Guardando il film si ha l’impressione di assistere a un film d’archivio sul presente che servirà da testimonianza sui nostri tempi e le prospettive future dei ragazzi di oggi, così come oggi guardiamo ai Comizi D’Amore pasoliniani per avere uno scorcio sulle abitudini sentimentali e sessuali dell’Italia degli anni Sessanta.
Proprio alla stregua di Pasolini, i tre registi intervistano giovani contadini e allevatori, studenti della Normale di Pisa e di rinomati licei del centro di Milano rivolgendo loro le stesse domande senza emettere o veicolare alcun tipo di giudizio su ciò che emerge nel corso della loro ricerca.

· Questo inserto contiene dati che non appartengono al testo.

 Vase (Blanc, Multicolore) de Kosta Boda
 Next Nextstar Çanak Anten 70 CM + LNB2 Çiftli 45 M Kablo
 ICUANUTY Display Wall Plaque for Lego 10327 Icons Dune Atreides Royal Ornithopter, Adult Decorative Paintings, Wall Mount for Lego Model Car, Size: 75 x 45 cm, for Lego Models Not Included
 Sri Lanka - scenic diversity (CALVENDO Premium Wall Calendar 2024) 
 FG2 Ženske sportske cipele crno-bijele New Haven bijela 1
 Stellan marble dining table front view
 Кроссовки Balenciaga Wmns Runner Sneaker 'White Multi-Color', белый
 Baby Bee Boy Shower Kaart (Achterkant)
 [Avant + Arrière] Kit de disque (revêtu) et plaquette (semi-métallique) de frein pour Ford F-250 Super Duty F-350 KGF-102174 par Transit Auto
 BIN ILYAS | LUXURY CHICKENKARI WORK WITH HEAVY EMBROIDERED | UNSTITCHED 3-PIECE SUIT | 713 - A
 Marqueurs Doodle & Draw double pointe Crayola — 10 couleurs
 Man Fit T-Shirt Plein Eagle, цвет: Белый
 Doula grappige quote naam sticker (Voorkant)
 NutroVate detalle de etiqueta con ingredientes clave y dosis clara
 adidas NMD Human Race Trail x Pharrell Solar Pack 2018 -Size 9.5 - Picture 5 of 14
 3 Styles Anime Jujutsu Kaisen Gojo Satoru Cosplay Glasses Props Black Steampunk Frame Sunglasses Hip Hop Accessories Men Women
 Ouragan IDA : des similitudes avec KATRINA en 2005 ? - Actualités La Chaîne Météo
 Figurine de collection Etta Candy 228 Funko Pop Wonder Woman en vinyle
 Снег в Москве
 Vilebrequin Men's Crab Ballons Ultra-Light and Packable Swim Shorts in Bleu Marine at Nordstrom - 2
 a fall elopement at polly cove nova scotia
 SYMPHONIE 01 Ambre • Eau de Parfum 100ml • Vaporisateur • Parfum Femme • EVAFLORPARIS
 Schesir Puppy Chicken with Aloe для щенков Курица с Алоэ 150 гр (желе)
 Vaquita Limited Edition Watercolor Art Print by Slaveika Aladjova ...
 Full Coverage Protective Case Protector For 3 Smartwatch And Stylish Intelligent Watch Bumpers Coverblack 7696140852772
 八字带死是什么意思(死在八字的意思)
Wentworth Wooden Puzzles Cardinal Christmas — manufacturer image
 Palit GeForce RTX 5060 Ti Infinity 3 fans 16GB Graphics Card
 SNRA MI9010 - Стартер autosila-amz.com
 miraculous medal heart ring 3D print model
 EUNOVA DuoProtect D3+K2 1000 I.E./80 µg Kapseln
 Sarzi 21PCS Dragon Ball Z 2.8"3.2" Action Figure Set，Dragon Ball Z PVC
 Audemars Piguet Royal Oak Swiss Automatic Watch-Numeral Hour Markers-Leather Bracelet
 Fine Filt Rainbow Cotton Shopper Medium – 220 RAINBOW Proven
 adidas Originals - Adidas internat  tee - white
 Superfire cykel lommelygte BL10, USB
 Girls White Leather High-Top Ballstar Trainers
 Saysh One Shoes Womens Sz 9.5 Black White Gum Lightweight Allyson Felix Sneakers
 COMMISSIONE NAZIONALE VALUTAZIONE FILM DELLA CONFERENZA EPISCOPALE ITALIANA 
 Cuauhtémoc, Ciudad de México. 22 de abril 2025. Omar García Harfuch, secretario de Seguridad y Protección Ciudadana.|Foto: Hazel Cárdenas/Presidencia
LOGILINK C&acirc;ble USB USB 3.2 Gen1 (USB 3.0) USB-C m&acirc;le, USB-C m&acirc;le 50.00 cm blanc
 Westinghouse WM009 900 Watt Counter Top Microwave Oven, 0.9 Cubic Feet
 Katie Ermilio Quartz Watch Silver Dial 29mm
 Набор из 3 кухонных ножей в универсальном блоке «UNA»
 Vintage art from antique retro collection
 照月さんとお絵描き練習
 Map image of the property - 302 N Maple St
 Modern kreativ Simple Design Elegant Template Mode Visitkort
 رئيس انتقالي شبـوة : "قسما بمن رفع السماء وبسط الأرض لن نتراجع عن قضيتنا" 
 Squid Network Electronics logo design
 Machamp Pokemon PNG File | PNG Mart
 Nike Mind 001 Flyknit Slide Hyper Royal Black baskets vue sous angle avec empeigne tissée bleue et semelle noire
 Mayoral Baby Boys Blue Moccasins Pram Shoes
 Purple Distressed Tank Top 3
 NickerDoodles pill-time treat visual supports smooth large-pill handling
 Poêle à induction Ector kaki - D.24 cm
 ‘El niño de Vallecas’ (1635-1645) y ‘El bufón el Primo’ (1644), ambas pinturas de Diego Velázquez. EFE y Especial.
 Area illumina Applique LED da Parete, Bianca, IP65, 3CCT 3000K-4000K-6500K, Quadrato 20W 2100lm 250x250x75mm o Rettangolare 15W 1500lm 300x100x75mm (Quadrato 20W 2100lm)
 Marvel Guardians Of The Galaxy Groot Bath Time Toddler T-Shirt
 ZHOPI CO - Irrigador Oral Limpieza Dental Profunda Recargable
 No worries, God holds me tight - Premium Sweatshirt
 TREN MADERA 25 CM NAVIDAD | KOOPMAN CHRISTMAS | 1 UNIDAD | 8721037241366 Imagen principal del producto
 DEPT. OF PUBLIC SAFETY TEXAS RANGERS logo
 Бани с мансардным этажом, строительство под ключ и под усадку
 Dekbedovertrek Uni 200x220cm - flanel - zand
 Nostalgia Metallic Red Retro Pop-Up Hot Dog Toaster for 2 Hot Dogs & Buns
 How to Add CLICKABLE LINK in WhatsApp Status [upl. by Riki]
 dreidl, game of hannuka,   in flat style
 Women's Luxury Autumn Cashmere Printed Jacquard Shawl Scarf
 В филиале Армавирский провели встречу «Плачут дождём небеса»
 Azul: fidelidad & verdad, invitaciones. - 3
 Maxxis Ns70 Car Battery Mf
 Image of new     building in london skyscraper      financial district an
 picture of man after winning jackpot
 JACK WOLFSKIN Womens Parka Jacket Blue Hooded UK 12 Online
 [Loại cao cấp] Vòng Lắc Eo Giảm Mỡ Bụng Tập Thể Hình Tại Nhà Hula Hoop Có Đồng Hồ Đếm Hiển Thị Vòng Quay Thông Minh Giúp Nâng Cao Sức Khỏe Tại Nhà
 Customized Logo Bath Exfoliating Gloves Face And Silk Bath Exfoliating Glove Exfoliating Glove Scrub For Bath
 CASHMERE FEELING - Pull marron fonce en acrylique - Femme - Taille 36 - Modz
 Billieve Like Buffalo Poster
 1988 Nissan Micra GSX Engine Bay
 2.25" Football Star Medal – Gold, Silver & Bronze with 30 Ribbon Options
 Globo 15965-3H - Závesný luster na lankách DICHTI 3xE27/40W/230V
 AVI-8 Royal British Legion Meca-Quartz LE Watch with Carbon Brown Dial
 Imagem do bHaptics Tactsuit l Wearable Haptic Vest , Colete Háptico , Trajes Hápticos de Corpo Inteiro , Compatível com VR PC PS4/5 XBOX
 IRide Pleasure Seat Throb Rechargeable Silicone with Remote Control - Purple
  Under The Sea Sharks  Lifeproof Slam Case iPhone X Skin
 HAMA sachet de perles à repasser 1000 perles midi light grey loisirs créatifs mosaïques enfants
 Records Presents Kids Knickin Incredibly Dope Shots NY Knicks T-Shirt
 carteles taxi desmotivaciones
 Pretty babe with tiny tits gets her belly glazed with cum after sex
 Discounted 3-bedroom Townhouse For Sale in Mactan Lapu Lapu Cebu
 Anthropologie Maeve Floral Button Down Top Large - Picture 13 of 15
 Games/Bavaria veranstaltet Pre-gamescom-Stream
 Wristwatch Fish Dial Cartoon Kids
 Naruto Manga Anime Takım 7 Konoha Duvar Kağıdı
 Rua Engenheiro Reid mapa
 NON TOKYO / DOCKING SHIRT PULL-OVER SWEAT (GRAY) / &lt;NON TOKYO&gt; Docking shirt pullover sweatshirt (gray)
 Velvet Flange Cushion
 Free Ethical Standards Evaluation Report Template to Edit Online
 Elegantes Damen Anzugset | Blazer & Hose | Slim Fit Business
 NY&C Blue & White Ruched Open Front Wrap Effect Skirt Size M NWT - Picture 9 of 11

L’unico momento che pare stridere con l’intento acritico degli autori è una lunga digressione sul G8 di Genova, di cui i giovani intervistati non conoscono quasi nulla.
I minuti di ricostruzione degli eventi del G8 appesantiscono l’atmosfera di sospensione atemporale che caratterizza Futura, calandolo in un passato recente che pesa come un macigno e che, se vuole puntare il dito contro l’ignoranza di questi fatti, si discosta dallo spirito che aveva guidato finora la narrazione.
Il riferimento documentaristico più esplicito è però quello a I bambini e noi (1970) di Luigi Comencini, di cui alcune sequenze intervallano la narrazione filmica.
La sensazione di essere di fronte a una preziosa fotografia di questi anni si amplifica nel momento in cui il Covid19 entra con prepotenza nelle vite degli adolescenti intervistati, aggiungendo all’incertezza personale e generazionale un ulteriore elemento di difficoltà e di crisi.
La pandemia coglie alla sprovvista anche i registi che devono ripensare al progetto, affrontando una serie di difficoltà produttive legate al confinamento del periodo del lockdown.
Le risposte dei giovani protagonisti di Futura esprimono un insieme stridente di disillusione e speranza e spesso riescono nell’intento (quasi certamente involontario) di mettere l’osservatore adulto di fronte a uno specchio impietoso che mostra lo scarto tra ciò che si desidera da giovani e ciò che poi accade.